My use case is highly-structured data with well-defined
characteristics, a lot of fields, short values, but only a few
reasonable types of boolean queries. For query control, I have some
methods prepared, one is query language translation, i.e. mapping from
a simple query language domain into an ES DSL query, so I am able to
add constraints to ES requests easily.

True, there will be lagging problems when sorting large result sets. I
know this will also overwhelm the ES cluster under certain situations.
There is no solution I know for this class of problems, so a reverse
proxy will have to know about some 'evil queries' and will have to cut
off 'evil' sort requests in an ad-hoc manner. Other candidates for
being evil queries are some weird wildcard searches.

Full tenant isolation requires authentication beside quota. And I need
to provide "search views" via reverse proxy. A "search view" provides
styles for viewing same ES documents different ways, for only a subset
of fields, XML representation via Atom feeds etc. but that's a
different topic beside QoS.

Jörg

On Apr 21, 7:32 pm, David Williams williams.da...@gmail.com wrote:

The reverse proxy could limit the size of the uploads & the number of
concurrent requests per IP to some reasonable level.

But it's not just the bulk indexing you'd need to worry about, there
are different kinds of searches you'd have to worry about too (sorting
large numbers of results being the most obvious one). It's a difficult
for Elasticsearch to determine reasonable values any of these without
adding lots and lots of complexity to it. So your best bet in my
opinion would be to determine what would are reasonable limits for
your use case, and have the proxy enforce those limits. Fool-proof
multi-tenancy with public access is going to require you to write
intelligence into the proxy anyway to enforce tenant isolation &
security. Extending it to add per user resource quotas is only a
little bit harder.

-david

On Thu, Apr 21, 2011 at 7:16 AM, jprante joergpra...@gmail.com wrote:

Hi,

how can I prevent bad clients from flooding an Elasticsearch cluster
especiall when using bulk indexing?

Imagine remote indexing by a TransportClient with bad habits, i.e. it
ignores the messages in ActionListener and continues to
submit bulk index requests.

I tried exercising a cluster that way and the RHEL6 server of the
Elasticsearch master node at some time will sooner or later start to
drown. Even with more than 60.000 max files setting, the JDK will
start to report too many open files, obviously because of the pile of
open network connections.

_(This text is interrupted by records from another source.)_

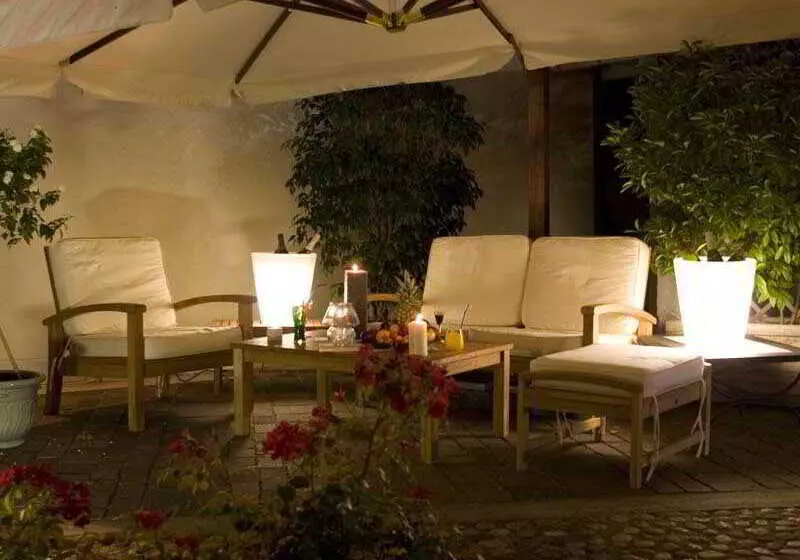 Park Hotel Ai Pini & Restaurant Ai Pini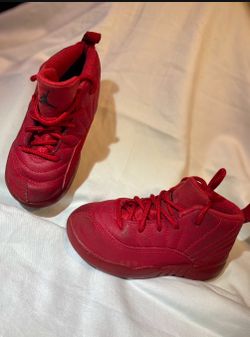 Jordan 12's,  Boys Size 9c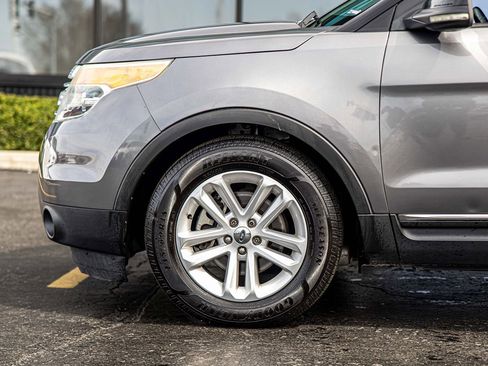 Used 2011 Ford Explorer XLT w/ 202A Rapid Spec Order Code image 8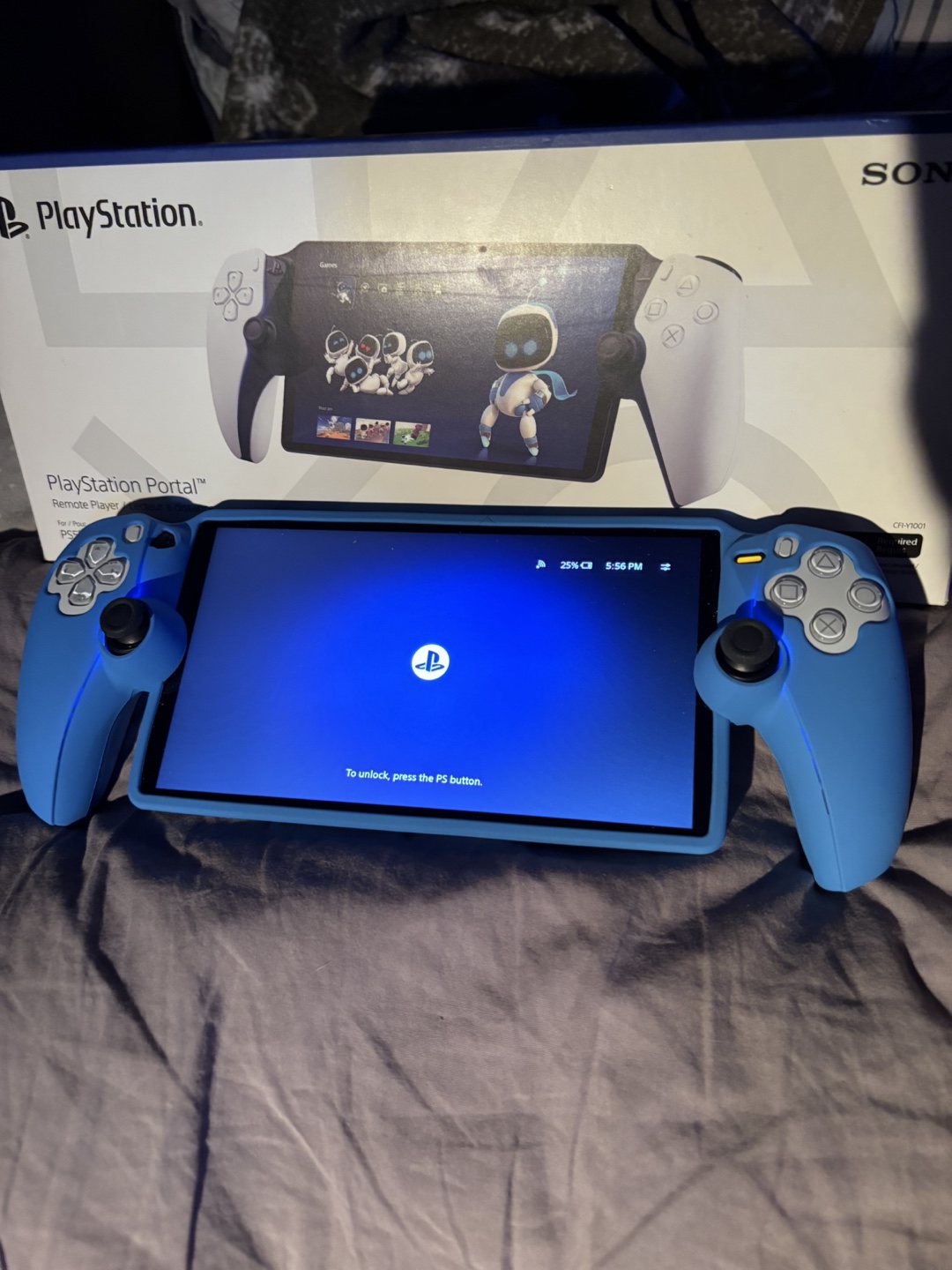 PlayStation Portal Remote Player
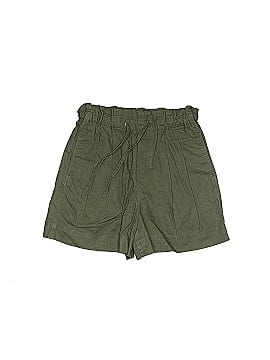 Uniqlo Khaki Shorts (view 1)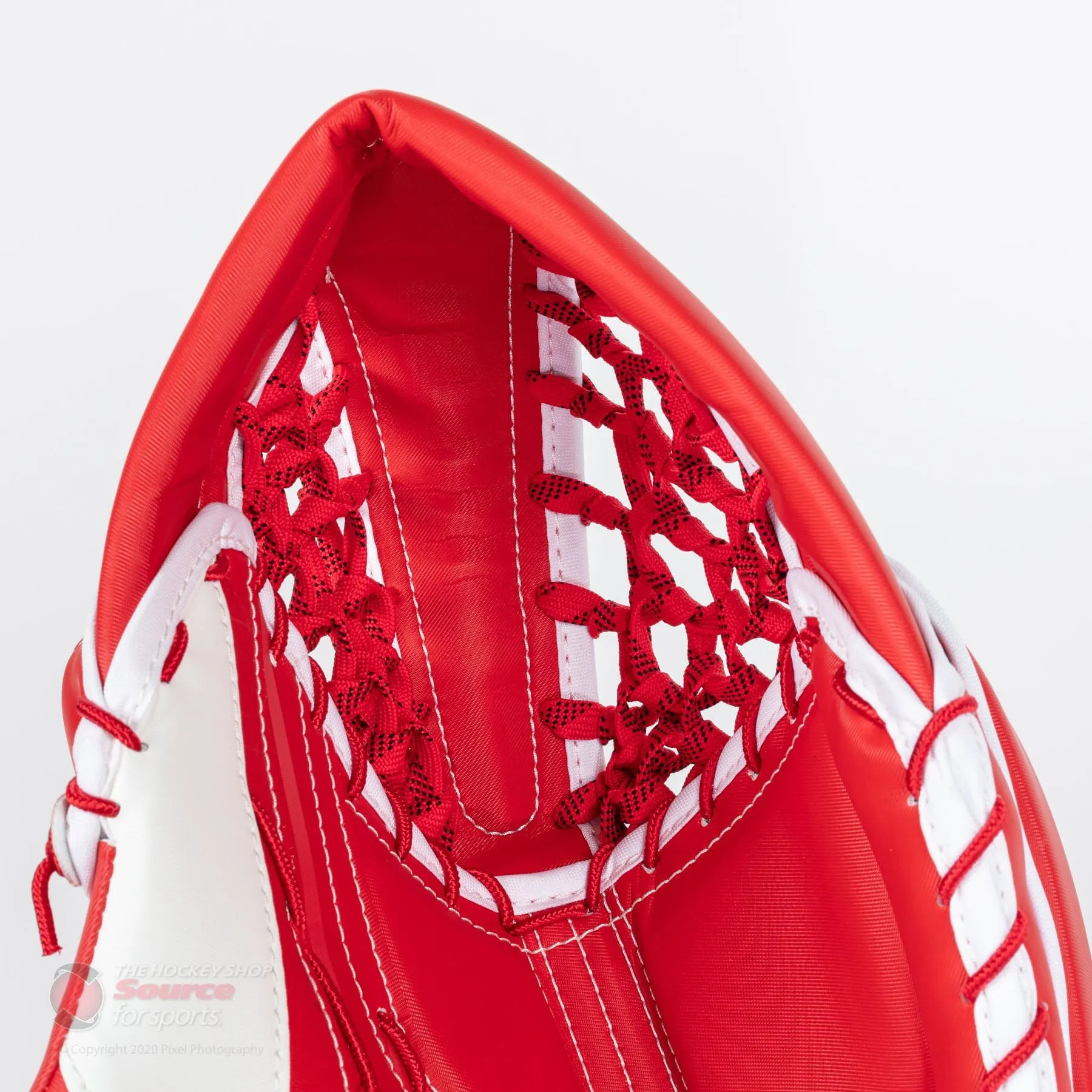 CCM Axis A1.9 Senior Goalie Catcher - Source Exclusive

The shell stopped working. bash could not
execute commands, it reported messages like

-bash: start_pipeline: pgrp pipe: Too many open files in system
-bash: /bin/ls: Too many open files in system

After stopping the bad client and 10 minutes later, after GC'ing and
possibly working down the pile of Java exceptions, like

[2011-04-21 15:40:54,257][WARN ]
[netty.channel.socket.nio.NioServerSocketPipelineSink] Failed to
accept a connection.
java.io.IOException: Zu viele offene Dateien im System
at sun.nio.ch.ServerSocketChannelImpl.accept0(Native Method)
at
sun.nio.ch.ServerSocketChannelImpl.accept(ServerSocketChannelImpl.java:
152)
at
org.elasticsearch.common.netty.channel.socket.nio.NioServerSocketPipelineSi nk
$Boss.run(NioServerSocketPipelineSink.java:244)
at
org.elasticsearch.common.netty.util.ThreadRenamingRunnable.run(ThreadRenami ngRunnable.java:
108)
at
org.elasticsearch.common.netty.util.internal.DeadLockProofWorker
$1.run(DeadLockProofWorker.java:44)
at java.util.concurrent.ThreadPoolExecutor
$Worker.runTask(ThreadPoolExecutor.java:886)
at java.util.concurrent.ThreadPoolExecutor
$Worker.run(ThreadPoolExecutor.java:908)
at java.lang.Thread.run(Thread.java:662)

("Zu viele offene Dateien im System" = too many open files)

the system becomes responsive again and the "too many files" message
disappears.

Because I like a fool-proof multi-tenancy setup with public access for
remote indexing/search via a reverse proxy, I am very interested in
methods how to prevent an Elasticsearch cluster being flooded via the
(bulk) index API by TransportClients.

You might like calling this a feature request for QoS in Elasticsearch
(bulk) indexing.

Can someone give me a hint how to realize this feature? Thank you in
advance for your kind help!

Best Regards,

Jörg